What is required = Whenever the word "Shower" shows up in a line of the data, copy that line.

Web page caption snippets =
"""
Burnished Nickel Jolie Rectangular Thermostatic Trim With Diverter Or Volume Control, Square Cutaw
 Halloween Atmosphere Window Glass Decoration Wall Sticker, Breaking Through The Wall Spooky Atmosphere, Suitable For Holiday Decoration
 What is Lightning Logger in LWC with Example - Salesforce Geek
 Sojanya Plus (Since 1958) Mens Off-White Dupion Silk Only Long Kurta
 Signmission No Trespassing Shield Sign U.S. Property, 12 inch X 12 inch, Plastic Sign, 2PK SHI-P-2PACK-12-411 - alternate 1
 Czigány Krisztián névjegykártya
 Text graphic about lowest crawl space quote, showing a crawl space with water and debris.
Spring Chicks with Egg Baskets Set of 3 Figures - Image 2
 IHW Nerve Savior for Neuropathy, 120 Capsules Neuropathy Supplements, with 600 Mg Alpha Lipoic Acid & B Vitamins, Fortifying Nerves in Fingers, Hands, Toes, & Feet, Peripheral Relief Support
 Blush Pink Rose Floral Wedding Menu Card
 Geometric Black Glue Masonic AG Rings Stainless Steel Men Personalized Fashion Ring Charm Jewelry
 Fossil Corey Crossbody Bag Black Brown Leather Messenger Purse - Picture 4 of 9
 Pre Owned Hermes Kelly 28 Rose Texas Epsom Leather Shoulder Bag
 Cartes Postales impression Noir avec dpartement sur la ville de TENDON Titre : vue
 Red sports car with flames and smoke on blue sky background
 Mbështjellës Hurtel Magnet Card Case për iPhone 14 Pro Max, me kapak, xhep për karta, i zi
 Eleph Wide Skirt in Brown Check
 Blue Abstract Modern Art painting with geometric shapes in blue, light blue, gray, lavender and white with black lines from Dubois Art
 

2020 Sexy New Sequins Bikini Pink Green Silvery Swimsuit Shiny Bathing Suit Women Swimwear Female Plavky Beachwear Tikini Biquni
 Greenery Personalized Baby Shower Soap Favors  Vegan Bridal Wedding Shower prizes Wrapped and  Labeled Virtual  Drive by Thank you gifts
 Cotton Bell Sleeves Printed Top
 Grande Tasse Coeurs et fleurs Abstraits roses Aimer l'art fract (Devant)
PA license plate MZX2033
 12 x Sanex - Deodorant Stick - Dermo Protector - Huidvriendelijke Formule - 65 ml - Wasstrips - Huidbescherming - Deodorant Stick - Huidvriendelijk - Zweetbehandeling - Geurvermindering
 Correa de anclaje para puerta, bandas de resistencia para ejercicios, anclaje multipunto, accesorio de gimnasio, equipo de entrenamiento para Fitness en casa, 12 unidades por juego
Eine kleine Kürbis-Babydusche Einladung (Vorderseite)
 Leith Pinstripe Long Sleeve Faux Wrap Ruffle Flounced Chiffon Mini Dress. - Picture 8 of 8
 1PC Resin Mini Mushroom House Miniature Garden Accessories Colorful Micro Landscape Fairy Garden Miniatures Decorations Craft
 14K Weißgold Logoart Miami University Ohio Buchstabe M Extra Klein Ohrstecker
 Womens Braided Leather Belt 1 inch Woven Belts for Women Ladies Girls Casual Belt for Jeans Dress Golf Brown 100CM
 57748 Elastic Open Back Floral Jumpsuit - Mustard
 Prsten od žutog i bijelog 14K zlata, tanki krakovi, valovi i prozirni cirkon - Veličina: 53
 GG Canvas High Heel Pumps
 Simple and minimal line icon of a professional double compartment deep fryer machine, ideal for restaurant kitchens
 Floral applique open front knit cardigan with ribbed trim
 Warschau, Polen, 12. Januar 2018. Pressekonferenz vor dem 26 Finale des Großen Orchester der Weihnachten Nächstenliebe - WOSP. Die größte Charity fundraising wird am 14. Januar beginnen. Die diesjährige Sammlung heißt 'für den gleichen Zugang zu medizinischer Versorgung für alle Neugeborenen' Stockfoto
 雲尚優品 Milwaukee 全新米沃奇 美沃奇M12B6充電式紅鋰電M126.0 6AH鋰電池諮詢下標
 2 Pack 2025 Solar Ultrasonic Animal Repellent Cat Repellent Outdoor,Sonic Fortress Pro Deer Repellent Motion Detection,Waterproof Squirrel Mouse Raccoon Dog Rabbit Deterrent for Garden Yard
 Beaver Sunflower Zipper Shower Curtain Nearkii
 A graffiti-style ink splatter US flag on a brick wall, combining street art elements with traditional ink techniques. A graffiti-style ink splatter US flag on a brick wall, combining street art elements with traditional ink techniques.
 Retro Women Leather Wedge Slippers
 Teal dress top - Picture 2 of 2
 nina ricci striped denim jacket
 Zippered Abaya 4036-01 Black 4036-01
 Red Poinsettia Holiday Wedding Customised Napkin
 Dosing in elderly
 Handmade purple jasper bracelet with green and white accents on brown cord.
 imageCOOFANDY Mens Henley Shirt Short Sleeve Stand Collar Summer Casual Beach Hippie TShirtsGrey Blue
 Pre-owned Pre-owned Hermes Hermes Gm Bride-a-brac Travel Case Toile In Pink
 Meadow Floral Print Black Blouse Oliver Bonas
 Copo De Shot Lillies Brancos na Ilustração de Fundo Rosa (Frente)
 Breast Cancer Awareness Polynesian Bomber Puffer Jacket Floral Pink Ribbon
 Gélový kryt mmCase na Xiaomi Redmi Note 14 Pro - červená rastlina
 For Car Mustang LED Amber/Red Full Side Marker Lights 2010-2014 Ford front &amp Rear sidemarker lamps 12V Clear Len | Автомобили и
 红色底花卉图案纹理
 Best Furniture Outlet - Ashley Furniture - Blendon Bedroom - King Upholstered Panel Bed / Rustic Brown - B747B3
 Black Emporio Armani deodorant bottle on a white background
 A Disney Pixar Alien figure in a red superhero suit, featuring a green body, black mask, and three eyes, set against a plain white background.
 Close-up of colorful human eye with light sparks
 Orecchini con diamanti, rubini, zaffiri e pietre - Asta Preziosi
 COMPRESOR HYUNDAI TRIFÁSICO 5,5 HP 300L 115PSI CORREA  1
"""
Finished task =
 Greenery Personalized Baby Shower Soap Favors  Vegan Bridal Wedding Shower prizes Wrapped and  Labeled Virtual  Drive by Thank you gifts
 Beaver Sunflower Zipper Shower Curtain Nearkii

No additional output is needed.